Assignment -> Count the lines in the records that hold the string "show". Only the number should be given.

Given records ->
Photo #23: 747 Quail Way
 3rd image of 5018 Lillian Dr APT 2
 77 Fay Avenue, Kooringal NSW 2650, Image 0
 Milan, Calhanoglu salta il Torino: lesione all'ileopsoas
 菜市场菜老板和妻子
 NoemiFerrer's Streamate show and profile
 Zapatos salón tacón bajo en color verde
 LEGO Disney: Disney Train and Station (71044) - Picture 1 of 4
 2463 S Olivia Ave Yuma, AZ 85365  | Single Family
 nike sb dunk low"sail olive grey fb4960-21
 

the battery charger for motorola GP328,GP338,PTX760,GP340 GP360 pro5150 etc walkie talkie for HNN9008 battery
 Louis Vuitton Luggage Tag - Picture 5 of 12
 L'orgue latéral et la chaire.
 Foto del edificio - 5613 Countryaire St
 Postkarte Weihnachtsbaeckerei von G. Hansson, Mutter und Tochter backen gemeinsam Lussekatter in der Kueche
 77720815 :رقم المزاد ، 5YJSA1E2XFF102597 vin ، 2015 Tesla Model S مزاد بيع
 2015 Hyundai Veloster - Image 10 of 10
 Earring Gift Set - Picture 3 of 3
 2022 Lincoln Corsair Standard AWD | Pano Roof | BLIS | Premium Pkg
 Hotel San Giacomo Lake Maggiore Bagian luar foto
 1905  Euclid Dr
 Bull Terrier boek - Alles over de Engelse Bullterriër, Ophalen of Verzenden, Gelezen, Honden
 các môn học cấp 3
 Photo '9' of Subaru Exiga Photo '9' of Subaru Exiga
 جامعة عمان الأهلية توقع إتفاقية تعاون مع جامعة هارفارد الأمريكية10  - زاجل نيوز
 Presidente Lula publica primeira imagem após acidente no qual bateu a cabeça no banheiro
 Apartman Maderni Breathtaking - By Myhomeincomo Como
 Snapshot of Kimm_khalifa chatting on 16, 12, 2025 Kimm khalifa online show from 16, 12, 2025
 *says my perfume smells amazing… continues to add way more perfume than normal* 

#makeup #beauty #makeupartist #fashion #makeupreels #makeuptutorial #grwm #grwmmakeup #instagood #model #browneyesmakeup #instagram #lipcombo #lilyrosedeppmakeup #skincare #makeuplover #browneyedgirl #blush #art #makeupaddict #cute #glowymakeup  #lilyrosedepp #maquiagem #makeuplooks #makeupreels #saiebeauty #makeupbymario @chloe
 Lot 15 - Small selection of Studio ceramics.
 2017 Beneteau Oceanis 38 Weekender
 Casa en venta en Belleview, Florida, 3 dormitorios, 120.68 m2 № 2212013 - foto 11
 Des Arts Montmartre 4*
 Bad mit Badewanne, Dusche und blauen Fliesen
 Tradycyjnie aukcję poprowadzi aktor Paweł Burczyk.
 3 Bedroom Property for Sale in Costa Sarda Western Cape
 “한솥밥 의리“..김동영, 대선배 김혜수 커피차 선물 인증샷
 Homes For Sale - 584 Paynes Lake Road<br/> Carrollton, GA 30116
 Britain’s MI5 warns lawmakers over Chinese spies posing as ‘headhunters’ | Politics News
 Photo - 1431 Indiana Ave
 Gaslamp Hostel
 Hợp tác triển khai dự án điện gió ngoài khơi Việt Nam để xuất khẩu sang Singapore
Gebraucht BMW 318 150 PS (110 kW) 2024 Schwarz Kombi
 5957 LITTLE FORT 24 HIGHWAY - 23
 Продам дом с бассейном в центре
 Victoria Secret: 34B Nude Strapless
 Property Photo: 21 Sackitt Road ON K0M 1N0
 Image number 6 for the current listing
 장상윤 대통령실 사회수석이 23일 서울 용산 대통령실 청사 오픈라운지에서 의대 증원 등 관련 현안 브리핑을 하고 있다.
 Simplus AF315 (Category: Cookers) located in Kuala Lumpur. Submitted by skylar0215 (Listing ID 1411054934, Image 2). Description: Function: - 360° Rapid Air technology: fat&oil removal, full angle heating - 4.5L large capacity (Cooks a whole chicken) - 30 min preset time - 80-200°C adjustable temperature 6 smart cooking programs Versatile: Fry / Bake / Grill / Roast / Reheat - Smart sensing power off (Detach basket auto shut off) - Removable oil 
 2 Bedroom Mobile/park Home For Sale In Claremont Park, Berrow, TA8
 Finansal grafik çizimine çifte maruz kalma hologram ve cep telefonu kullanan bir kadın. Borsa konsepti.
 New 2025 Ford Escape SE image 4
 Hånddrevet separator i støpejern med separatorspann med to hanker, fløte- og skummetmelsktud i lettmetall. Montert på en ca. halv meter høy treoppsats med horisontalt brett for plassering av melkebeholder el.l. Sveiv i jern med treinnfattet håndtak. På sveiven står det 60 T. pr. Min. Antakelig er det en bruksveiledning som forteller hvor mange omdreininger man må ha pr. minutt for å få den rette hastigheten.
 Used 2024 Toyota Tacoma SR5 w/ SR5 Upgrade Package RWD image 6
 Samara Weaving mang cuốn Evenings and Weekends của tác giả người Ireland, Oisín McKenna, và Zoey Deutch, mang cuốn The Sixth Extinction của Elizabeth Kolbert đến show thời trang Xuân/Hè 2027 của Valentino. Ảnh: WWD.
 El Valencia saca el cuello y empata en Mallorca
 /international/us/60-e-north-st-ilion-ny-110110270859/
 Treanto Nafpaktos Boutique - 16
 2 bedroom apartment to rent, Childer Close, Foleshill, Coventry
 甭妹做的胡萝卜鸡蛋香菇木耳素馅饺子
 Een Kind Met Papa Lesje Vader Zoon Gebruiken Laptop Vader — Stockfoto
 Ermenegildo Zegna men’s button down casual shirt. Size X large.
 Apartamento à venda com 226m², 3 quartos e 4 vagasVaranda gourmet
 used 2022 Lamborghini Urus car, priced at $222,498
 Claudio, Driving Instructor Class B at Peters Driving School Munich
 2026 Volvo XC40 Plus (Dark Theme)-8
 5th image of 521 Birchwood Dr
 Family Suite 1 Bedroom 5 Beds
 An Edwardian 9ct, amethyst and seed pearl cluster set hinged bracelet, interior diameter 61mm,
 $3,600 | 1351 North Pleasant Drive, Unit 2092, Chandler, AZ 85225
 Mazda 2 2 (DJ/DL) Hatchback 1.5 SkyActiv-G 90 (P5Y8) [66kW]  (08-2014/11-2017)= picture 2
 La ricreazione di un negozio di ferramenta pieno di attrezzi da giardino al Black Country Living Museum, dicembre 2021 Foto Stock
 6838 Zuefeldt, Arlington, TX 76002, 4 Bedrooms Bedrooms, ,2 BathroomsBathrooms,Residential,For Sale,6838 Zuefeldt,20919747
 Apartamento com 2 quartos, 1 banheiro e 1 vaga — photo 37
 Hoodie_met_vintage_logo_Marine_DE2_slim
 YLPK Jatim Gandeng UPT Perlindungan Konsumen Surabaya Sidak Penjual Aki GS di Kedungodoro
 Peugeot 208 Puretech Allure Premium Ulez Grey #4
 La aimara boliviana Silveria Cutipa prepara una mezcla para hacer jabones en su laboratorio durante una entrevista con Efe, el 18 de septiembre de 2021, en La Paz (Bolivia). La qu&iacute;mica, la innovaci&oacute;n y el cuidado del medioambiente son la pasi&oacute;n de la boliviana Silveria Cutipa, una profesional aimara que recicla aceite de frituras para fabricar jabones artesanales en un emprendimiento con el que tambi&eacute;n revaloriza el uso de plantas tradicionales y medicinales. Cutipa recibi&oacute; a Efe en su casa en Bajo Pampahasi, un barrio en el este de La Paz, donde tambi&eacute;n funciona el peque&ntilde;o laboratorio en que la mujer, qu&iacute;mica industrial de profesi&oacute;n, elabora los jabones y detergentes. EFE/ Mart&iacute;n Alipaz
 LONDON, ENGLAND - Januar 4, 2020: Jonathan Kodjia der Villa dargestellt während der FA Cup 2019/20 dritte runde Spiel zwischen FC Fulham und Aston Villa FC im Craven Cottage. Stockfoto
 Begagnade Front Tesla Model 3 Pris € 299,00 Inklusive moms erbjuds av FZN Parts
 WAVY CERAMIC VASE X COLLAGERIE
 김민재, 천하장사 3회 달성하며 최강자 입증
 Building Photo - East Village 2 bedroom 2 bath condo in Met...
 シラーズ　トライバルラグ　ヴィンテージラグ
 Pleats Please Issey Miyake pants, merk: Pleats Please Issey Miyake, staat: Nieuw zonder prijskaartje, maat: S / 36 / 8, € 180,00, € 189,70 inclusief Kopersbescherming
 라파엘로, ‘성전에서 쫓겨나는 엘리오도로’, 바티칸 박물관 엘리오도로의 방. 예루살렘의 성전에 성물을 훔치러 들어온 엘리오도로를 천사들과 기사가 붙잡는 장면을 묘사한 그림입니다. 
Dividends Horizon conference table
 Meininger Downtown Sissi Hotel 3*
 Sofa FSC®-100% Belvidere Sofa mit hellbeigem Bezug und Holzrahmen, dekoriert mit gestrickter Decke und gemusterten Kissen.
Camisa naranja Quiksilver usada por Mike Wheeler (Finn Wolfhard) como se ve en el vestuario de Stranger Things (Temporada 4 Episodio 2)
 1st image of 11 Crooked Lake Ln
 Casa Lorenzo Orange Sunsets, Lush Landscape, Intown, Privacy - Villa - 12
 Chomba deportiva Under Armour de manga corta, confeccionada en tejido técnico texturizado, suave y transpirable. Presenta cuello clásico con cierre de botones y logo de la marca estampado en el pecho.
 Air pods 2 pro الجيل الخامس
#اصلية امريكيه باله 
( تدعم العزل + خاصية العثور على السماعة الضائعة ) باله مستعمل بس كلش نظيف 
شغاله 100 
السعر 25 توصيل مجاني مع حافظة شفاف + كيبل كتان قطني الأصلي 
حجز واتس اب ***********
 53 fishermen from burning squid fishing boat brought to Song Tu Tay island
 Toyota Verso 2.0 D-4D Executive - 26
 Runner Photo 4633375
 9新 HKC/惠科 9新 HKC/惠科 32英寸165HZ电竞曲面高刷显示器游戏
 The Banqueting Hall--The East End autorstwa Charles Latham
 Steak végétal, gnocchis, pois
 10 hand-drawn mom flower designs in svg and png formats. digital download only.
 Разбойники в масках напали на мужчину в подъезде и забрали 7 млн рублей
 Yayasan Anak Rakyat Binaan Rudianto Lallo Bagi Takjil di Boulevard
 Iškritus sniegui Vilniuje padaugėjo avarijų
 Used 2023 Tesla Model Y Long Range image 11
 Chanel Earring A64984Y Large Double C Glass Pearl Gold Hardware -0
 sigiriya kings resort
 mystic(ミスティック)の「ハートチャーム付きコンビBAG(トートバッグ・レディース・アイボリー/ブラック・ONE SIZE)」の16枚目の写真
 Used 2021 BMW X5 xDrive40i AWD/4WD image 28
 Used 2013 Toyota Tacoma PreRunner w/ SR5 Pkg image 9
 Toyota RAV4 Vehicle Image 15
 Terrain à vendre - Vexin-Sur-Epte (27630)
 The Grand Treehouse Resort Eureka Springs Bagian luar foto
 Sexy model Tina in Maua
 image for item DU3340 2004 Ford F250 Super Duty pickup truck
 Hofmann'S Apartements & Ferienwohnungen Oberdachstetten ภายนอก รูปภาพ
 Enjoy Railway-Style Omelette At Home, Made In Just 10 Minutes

Response area -> 3